Passant à l'article 14, Mme OUEDRAOGO a rappelé que ce sont les femmes rurales qui souffrent le plus de discriminations, le taux d'analphabétisme et de mortalité maternelle étant les plus élevés dans ces zones. L'experte a félicité l'Etat partie des programmes spécifiques entrepris pour la promotion de la femme rurale mais l'a en même temps engagé à revoir la place réservée aux femmes rurales dans le Plan d'action national en leur donnant la priorité. De même, ce Plan devrait comprendre un volet sur l'éducation à la vie familiale.

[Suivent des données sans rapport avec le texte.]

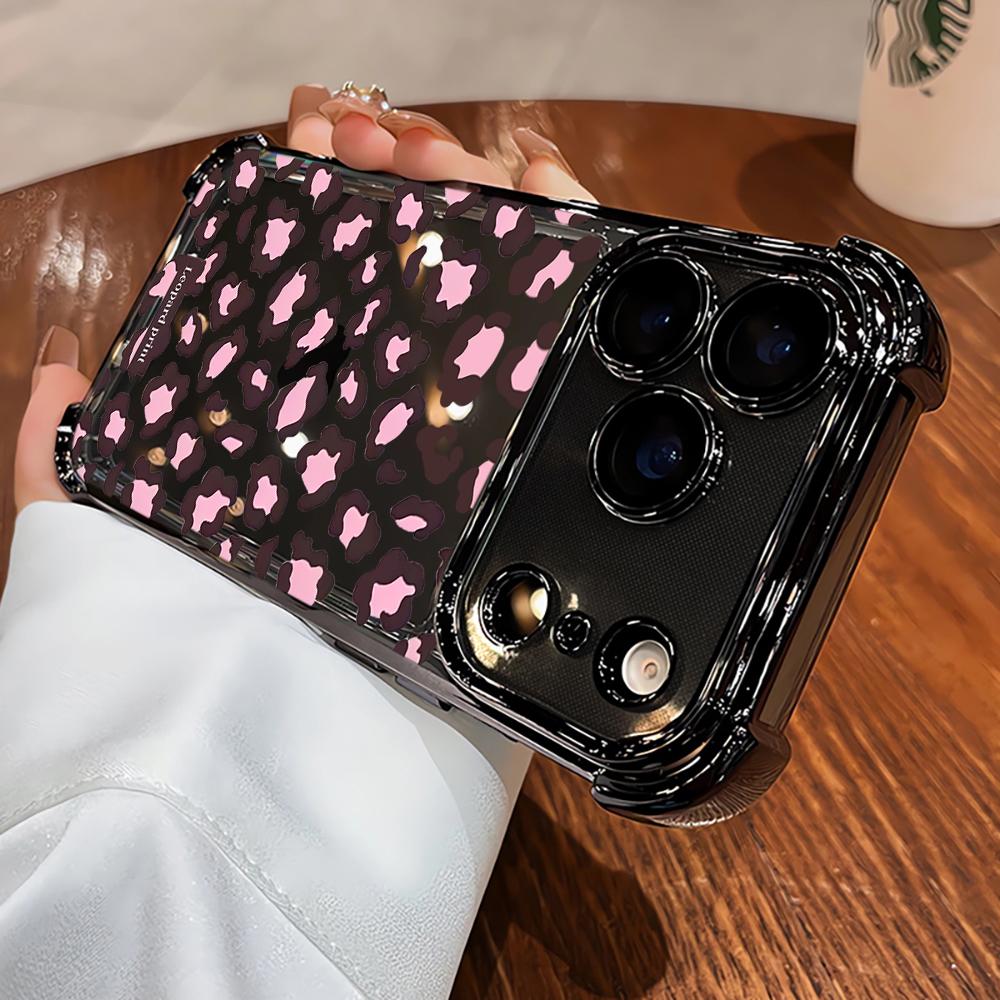 Милый Крутой Розовый Леопардовый Чехол Для Телефона Для iPhone 16 17 15 14 13 12 11 Pro Max 17 Air Cover Для iPhone 16 15 14 Plus Прочный Funda iPhone 12
Милый Крутой Розовый Леопардовый Чехол Для Телефона Для iPhone 16 17 15 14 13 12 11 Pro Max 17 Air Cover Для iPhone 16 15 14 Plus Прочный Funda iPhone 12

Poursuivant sur l'article 15, Mme AIDA GONZALEZ MARTINES, experte du Mexique, a indiqué que l'égalité de la femme et de l'homme devant la loi est une prémisse fondamentale si l'on veut garantir le plein exercice de leurs droits humains fondamentaux. Elle a relevé que, selon le Code de la famille, la femme doit demander l'autorisation de son mari pour engager un acte juridique; de même, les femmes déposent rarement des plaintes auprès

des tribunaux car elles ne connaissent pas leurs droits. Par ailleurs, le taux d'analphabétisation est considérablement plus élevé chez les femmes que chez les hommes, et cela en zone rurale comme en zone urbaine.

Dans le cadre de l'article 16, Mme GOONESEKERE a souhaité connaître l'origine de l'autorité maritale des maris en RDC. L'âge du mariage qui a été fixé à 14 ans pour les filles va par ailleurs à l'encontre des textes qui interdisent le mariage des enfants, a encore fait remarquer l'experte.